*** Opening of RECORDS FOR THIS TASK ***

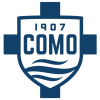 Como 1907 (Lost)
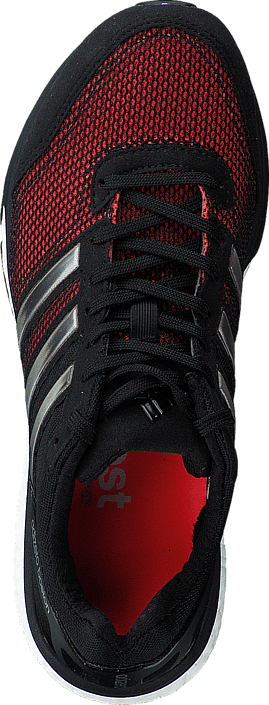 adidas Sport Performance - Adizero Boston Boost 5 M Core Black/Silver/Ftwr White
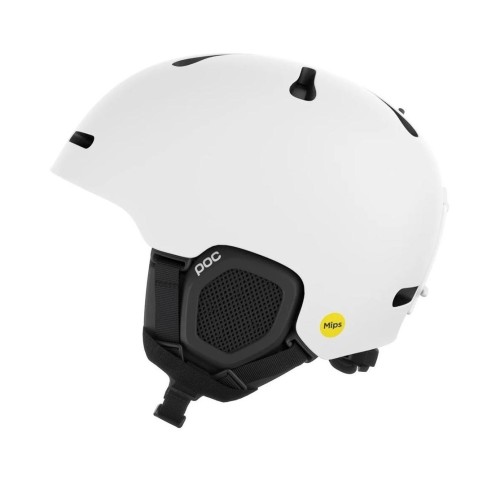 Kask narciarski POC Fornix MIPS biały matt M/L - 2851874
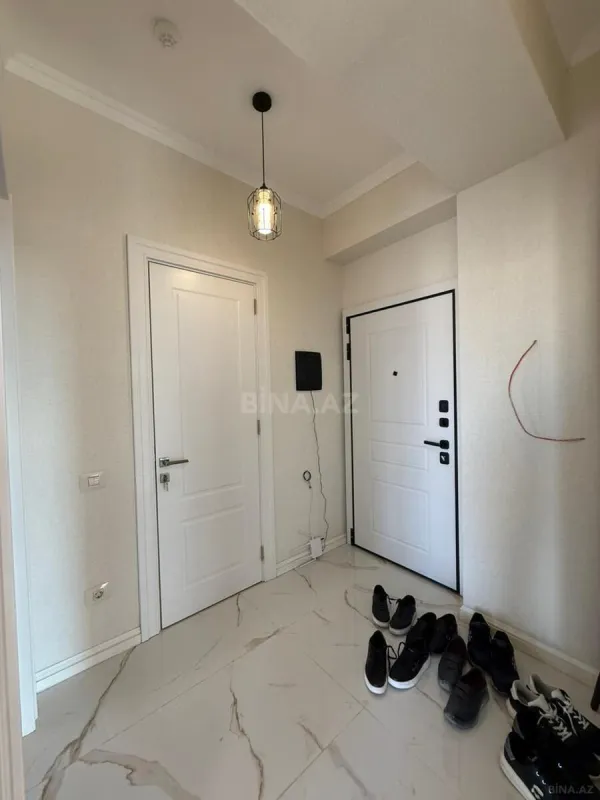 Satılır 2 otaqlı mənzil 62.3 m²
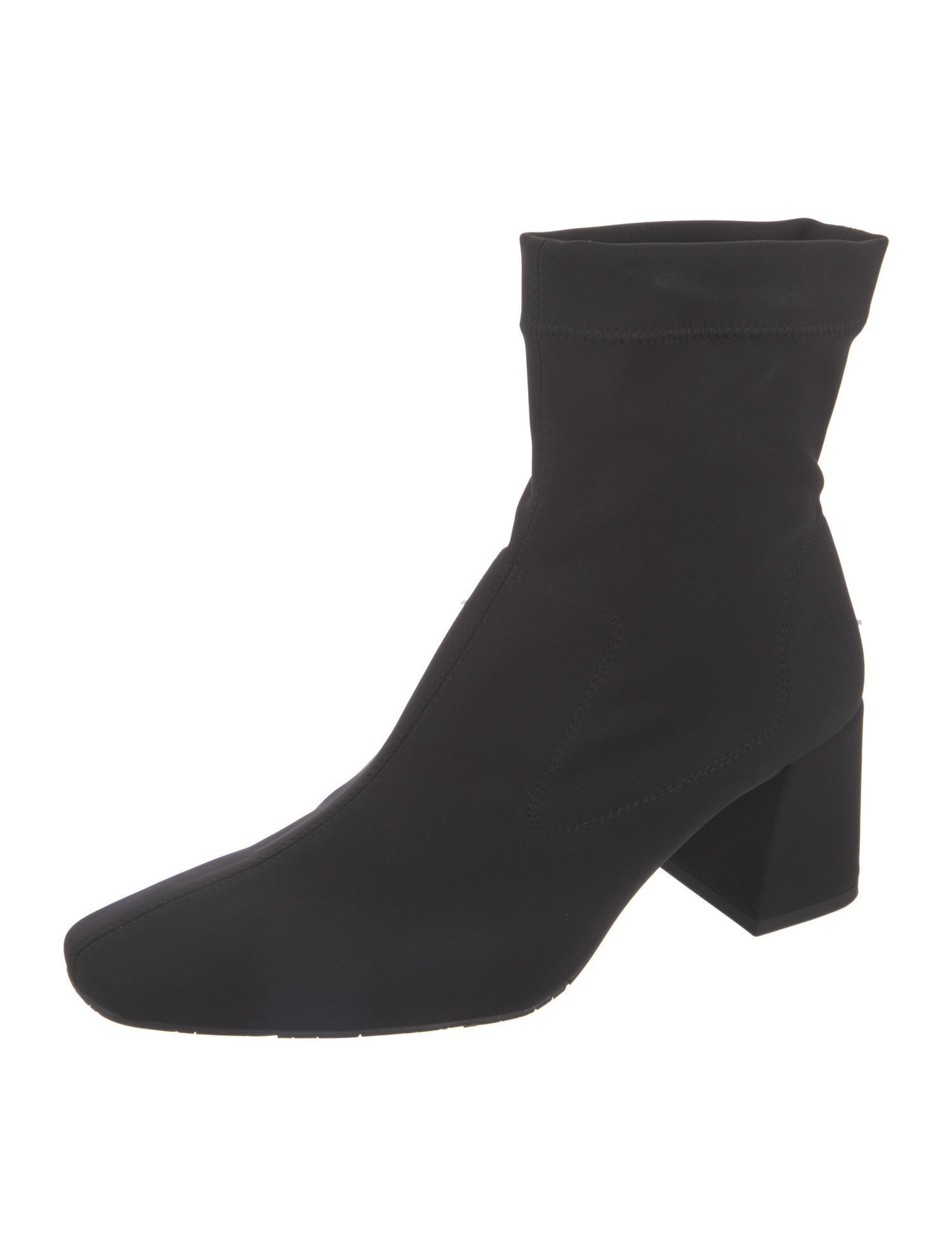 Pedro Garcia Sock Boots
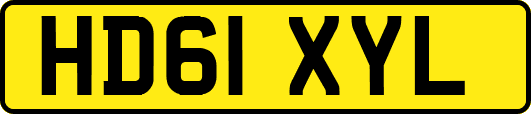 HD61XYL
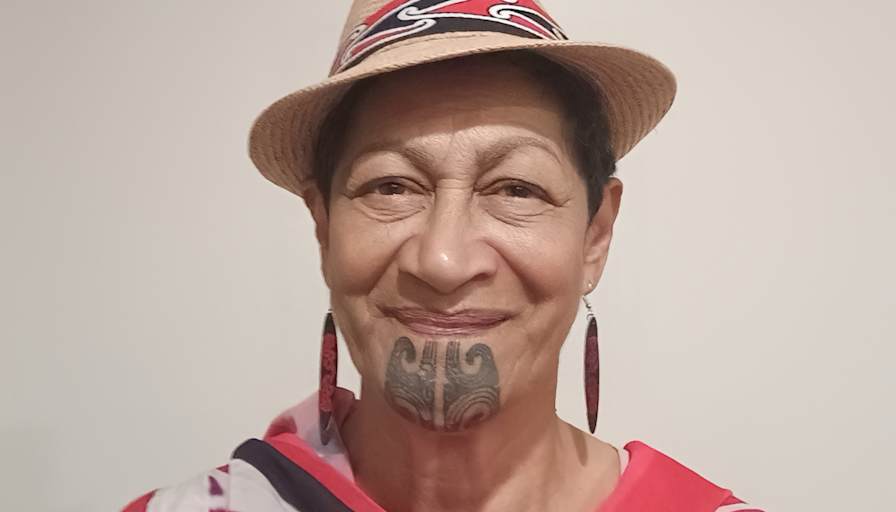 Moerangi Potiki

*** Close of RECORDS FOR THIS TASK ***

Starting with the line that contains "Satılır 2 otaqlı mənzil 62.3 m²", print every line through the end of the data exactly as written; omit all pictures and add nothing else.

EXERCISE RESULT:
 Satılır 2 otaqlı mənzil 62.3 m²
 Pedro Garcia Sock Boots
 HD61XYL
 Moerangi Potiki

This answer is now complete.